The Brazilian Visa Project is the name given by historians to the Catholic Church's project during World War II of allowing converted Jews to emigrate to Brazil in order to escape persecution in the European Theater of the war.

==1939 petition to the Brazilian government==
In March 1939, various members of the German Catholic hierarchy asked the newly elected Pope Pius XII to petition the Brazilian government for 3,000 immigration visas for German Catholic Jews to settle in Brazil. This was followed by two years of diplomatic exchanges, starting with an instruction form Cardinal Secretary of State Luigi Maglione to Benedetto Aloisi Masella, the nuncio in Rio de Janeiro, to request the visas from President Getúlio Vargas. The visas were formally conceded by Vargas, through Brazil's Conselho de Imigração e Colonização (CIC), on June 20, 1939.

==Strict conditions==
From the very beginning, the visas came with strict conditions, "some necessary, others obstructionist", which grew stricter over time. The visas were available to baptized Jews in Germany and other countries, but were required to submit a recommendation from the nunciature of their respective country. The emigrants were further required to prove that their baptism had occurred before 1933. Protestant Jews were denied visas. Later conditions included a substantial monetary transfer to the Bank of Brazil and approval by the Brazilian Propaganda Office in Berlin.

==Role of Cardinal Innitzer==
In the face of these many hurdles, Cardinal Theodor Innitzer of Vienna wrote to Pope Pius XII on February 4, 1941, asking for his immediate aid in granting the visas, in light of the beginning of deportation of 60,000 Jews of Vienna, at least 11,000 of whom had been baptized. A reply from Maglione outlined the various difficulties associated with such a step. Innitzer was not satisfied, and complained again later that month.

==Suspension of the program==
The visa program was suspended on September 3, 1940 and officially ended on November 20, 1941. The fascist Spanish and Portuguese governments had already refused to issue travel visas for those using the immigration visas to Brazil. Innitzer updated the Holy See again on the increased pace of the deportations on May 20, 1942 and the Vatican tried for the last time to appeal to the Brazilian government in July 1942. Maglione wrote in December 1941 to the bishop whose request had initiated the project that: "as you have certainly been informed [...] many emigrants have departed and—I regret to say—from what I have been told, a good many of them, both by their improper conduct and alleged demands, have not corresponded to the concern which the Holy See has shown in their behalf".
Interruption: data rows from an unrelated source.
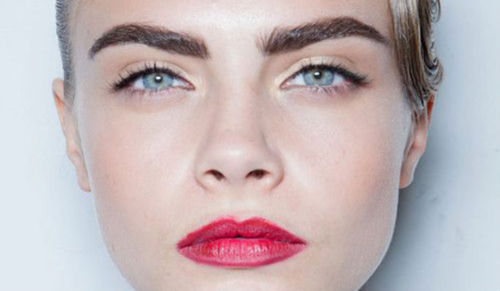 buenacara-delevingne-eyebrows-194801_w1000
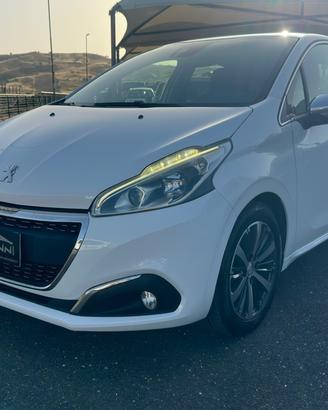 Peugeot 208 BlueHDi 100 5 porte Allure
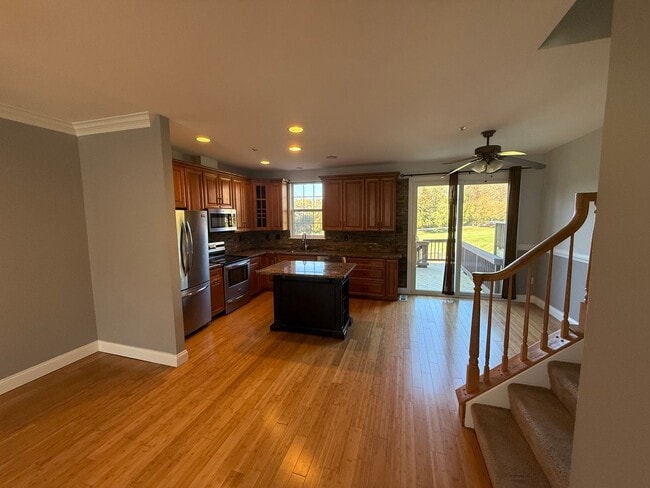 Building Photo - Spacious Townhome in desirable Bel Air Nei...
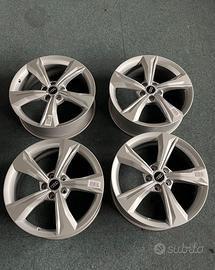 4 cerchi nuovi originali Audi da 19”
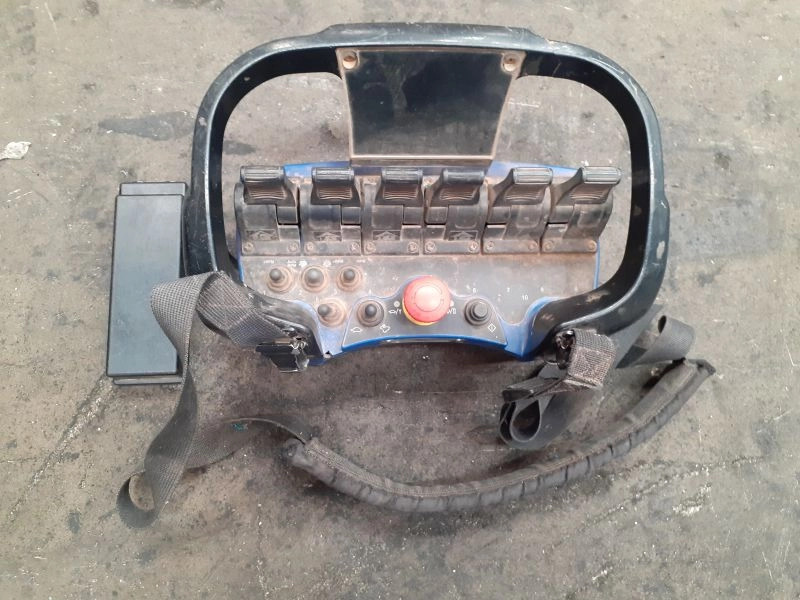 Grúa PM 16 - Loader crane for Truck: picture 3 Grúa PM 16 - Loader crane for Truck: picture 3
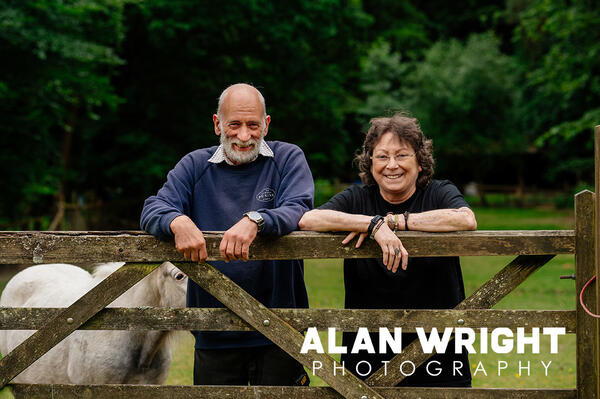 Ross and Jane Burrows at Rangers Lodge Wildlife Hospital (© AAH/Alan Wright) Ross and Jane Burrows at Rangers Lodge Wildlife Hospital (© AAH/Alan Wright)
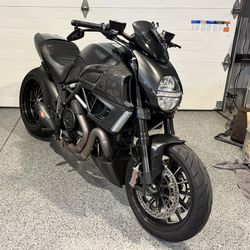 2013 Ducati Diavel Dark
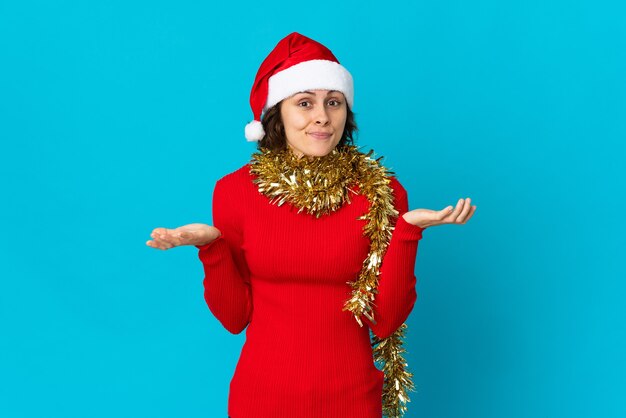 Fille avec chapeau de Noël sur fond bleu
==Lack of gratitude from visa recipients==
The emphasis of Maglione's letter was not on the failure of a diplomatic effort, but chagrin at the alleged conduct and lack of gratitude of the recipients of the visas. According to the Encyclopedia of the Holocaust, by "improper conduct", Maglione could only have meant that the recipients had continued to practice Judaism.

==Number of visas==
It is difficult to verify the exact number of visas that were issued. Only 1,000 visas were actually allocated to the Brazilian embassy in the Vatican, and most—although not all—were probably used. The remaining 2,000 in control of the Brazilian officials in Germany were never used, not even in the early months of the project. Maglione was "remarkably acquiescent" to the cancellation of the program and his response to the Brazilian ambassador about the possibility of reinstating the program in the future was "agonizingly impersonal and diplomatic".

==Attitude adopted by Pius XII==
Morley views the importance of the Brazilian visa project as fourfold: first, in demonstrating the concern of Pius XII "primarily, almost exclusively" with baptized rather than unconverted Jews, and viewing their persecution primarily as an infringement on the rights of the Church; second, in exemplifying the reliance on diplomacy, even as "an end in itself"; and third, in showing the reluctance of the pope to disturb the status quo, "even when a staunchly Catholic country reneged on its promise to the Pope"; and finally, the use of prior failure as an "apologia" against later proposals to aid Jews.